Record levels of short-term loans highlight financial strain

Eastern Cape finance MEC Mlungisi Mvoko says the finding is not a good reflection on the province
More than 50% of consumers are taking short-term unsecured credit and personal loans to supplement their income and keep afloat. (INSTINIA/123RF)

Debt management company DebtBusters says the successive interest rate cuts by the SA Reserve Bank (SARB) this year have helped consumers facing severe financial strain breathe a sigh of relief, as some needed 70% of their take-home pay to service their debt.

This has seen more than 50% of consumers taking short-term unsecured credit and personal loans, especially one-month payday loans, to supplement their income and keep afloat.

The Bank cut the interest rate in January, May and July, with the repo rate being lowered to 7.50%, 7.25%, and 7.00%, respectively.
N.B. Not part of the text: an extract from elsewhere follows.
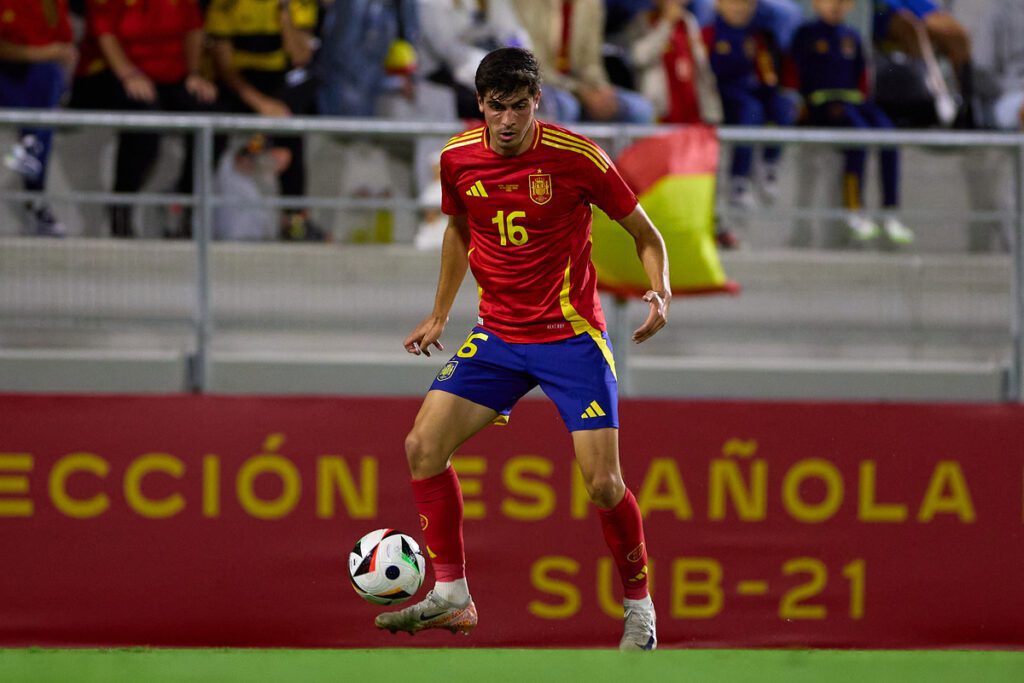 LA LINEA DE LA CONCEPCION, SPAIN - OCTOBER 10: Juanlu Sanchez of Spain in action during the UEFA European U21 Championship Qualifying match between Spain and Kazakhstan at Estadio Municipal de La Linea on October 10, 2024 in La Linea de la Concepcion, Spain. (Photo by Fran Santiago/Getty Images)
DebtBusters executive head Benay Sager said in the third quarter of 2025 there was increased demand by consumers for debt management, with online debt management subscriptions up 47% compared to the same period last year.
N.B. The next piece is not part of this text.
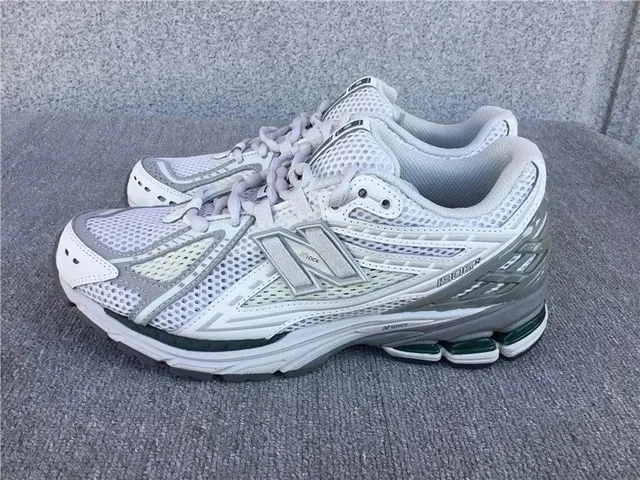 New Balance 1906R White Grey Green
According to a third-quarter debt index released by DebtBusters, there were 12 times more consumers “graduating” or getting clearance certificates compared to 2016 levels.
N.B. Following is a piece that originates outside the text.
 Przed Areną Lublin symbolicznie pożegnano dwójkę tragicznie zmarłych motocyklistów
“Consumers who received clearance certificates in the most recent quarter paid R540m to their creditors while in debt counselling,” according to the report.

It noted that while consumers’ financial confidence may have improved in 2025, income growth was still significantly behind expense growth.

“Since 2016, electricity tariffs have increased by 165%, the petrol price by 80%, and inflation’s (CPI) compounded impact is 51%. As a result, it is perhaps not surprising that consumers who applied for debt counselling in [the third quarter] needed 70% of their take-home pay to service their debt,” Sager said.

He said 95% of these consumers had a personal loan, a move he described as a new record.

“A further 57% of consumers had a one-month (payday) loan — another record — indicating that consumers continue to supplement their income with short-term unsecured credit, and personal loans, especially one-month loans, have become a lifeline for many.”

Compared to 2016 cohorts, consumers who applied for debt counselling in the third quarter had 48% less purchasing power; high debt service burden with 70% of net incomes going toward paying debt, with those taking home R35,000 or more per month needing to use 78% of their income toward debt repayments, and their total debt to annual net income ratio was a record high 189%, Sager noted.

Those taking home R5,000 or less per month, “who are our most vulnerable group, need to use 92% of their income towards debt repayments. These ratios are at their highest-ever levels”.

“In addition, because of food inflation, those taking home R10,000-R20,000 per month, the backbone of our economy, had to spend more than 34% of their disposable income on food, leaving little room for insurance and assurance expenditure.”

Sager said the R540m paid to creditors as part of the debt counselling process during the third quarter would circulate back to the economy for “small business lending, investment and growth”.